Semiconductor device and manufacturing method thereof

1A to 1F are schematic cross-sectional views showing a process of forming an isolation region according to an embodiment of the present invention.

FIG. 2A is a schematic top view showing a memory cell array including isolation regions in accordance with the present invention. FIG.

2b is an enlarged cross-sectional view taken along the line 2B-2B in FIG. 2a.

3A to 3F are schematic cross-sectional views showing a process of forming a field oxide film according to the prior art.

4A is a schematic top view showing a memory cell array including a field oxide film according to the prior art.

4B is an enlarged cross-sectional view taken along the line 4B-4B in FIG. 4A.

* Explanation of symbols for main parts of the drawings

1 semiconductor substrate 2 first insulator layer

2a: insulator film 3: photoresist layer

3a: resist pattern 4: light

5: ion irradiation 6: channel stopper

7: Intrusion prevention layer 8: Second insulator layer

8a: sidewall insulator hemp 9: source / drain region

9a: ion irradiation

Moreover, in angle, the same code | symbol shows the same content or an equivalent part.

BACKGROUND OF THE INVENTION 1. Field of the Invention The present invention relates to semiconductor devices, and more particularly, to an improvement in isolation regions between semiconductor circuit elements and methods of forming the same.

3A to 3F are cross-sectional views illustrating a process of forming a separation region using conventional selective oxidation.

Referring to FIG. 3A, an SiO ₂ film 22 having a thickness of about 500 GPa is formed on the Si substrate 21 by thermal oxidation.

The SiO ₂ film 22 is covered by a Si ₃ N film 23 deposited to a thickness of about 3000 Pa by CVD (chemical vapor deposition).

Referring to FIG. 3B, a resist layer is formed on the Si ₃ N ₄ film 24, and the resist pattern 24 is formed by patterning the resist layer.

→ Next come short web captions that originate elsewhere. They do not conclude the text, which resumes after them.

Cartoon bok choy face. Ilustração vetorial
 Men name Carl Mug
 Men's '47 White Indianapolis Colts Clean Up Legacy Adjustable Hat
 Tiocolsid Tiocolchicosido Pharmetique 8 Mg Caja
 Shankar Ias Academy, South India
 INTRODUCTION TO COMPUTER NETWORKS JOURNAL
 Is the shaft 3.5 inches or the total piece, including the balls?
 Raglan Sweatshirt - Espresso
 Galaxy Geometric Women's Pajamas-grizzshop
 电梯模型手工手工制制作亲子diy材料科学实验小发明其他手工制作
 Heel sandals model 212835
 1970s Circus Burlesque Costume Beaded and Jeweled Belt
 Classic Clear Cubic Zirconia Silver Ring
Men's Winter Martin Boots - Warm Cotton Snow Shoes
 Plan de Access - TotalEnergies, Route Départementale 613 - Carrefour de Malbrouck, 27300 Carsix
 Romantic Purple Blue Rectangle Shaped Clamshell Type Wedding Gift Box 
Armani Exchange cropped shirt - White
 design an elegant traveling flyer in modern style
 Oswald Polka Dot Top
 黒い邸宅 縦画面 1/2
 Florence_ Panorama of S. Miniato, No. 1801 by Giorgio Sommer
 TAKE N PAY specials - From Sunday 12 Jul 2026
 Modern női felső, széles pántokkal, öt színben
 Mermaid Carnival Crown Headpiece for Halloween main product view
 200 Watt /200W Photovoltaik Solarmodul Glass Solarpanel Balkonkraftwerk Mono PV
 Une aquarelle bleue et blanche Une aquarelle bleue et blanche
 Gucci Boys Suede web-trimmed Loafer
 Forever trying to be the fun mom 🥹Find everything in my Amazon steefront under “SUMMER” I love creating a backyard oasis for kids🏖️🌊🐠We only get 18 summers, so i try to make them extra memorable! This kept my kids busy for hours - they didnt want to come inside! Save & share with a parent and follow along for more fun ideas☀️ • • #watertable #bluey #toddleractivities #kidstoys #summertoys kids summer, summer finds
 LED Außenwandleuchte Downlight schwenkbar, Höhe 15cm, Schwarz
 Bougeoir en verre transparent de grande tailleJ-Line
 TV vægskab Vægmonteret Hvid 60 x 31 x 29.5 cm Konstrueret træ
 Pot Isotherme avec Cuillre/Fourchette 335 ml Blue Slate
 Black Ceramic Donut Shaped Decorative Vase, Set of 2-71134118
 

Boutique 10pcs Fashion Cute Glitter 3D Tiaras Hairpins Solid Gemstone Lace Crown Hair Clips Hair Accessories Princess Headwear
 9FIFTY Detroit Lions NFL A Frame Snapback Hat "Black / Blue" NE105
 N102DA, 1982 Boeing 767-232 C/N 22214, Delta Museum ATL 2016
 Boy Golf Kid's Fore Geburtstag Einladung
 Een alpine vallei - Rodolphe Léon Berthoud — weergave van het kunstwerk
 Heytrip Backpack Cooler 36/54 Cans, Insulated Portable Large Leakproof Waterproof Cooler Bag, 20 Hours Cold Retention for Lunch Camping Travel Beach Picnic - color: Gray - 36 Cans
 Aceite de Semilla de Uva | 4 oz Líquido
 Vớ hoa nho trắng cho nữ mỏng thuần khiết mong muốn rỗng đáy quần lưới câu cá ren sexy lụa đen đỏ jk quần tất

Thereafter, an impurity region 26 is formed in the surface layer of the Si substrate 21 by ion irradiation as indicated by arrow 25 using the Si ₃ N ₄ film pattern 23a and the resist pattern 24 as a mask.

At this time, when the substrate 21 is P-conductive, boron ions are usually implanted at a dose ratio of 1 × 10 ¹³ cm ⁻² at an acceleration voltage of 20 to 30 kev.

Referring to FIG. 3D, the resist pattern 24 is removed.

Referring to FIG. 3E, the Si substrate 21 is thermally selectively oxidized using the Si ₃ N ₄ film pattern 23a as a mask to form a field oxide film 22a having a thickness of about 5000 kPa.

At this time, oxygen is also supplied in the transverse direction by diffusion at the end of the open hole of the Si ₃ N ₄ film 23a, thereby forming a bud beak 22b extending in the transverse direction by about 0.3 to 0.5 mu m in the field oxide film 22a.

Further, as indicated by the arrow 27 during the selective oxidation, the impurity region 4 (26) expands not only in the depth direction but also in the transverse direction by diffusion, and the bud beak 22b extends laterally by about 0.2 占 퐉 over the edge. To the channel stopper 26a.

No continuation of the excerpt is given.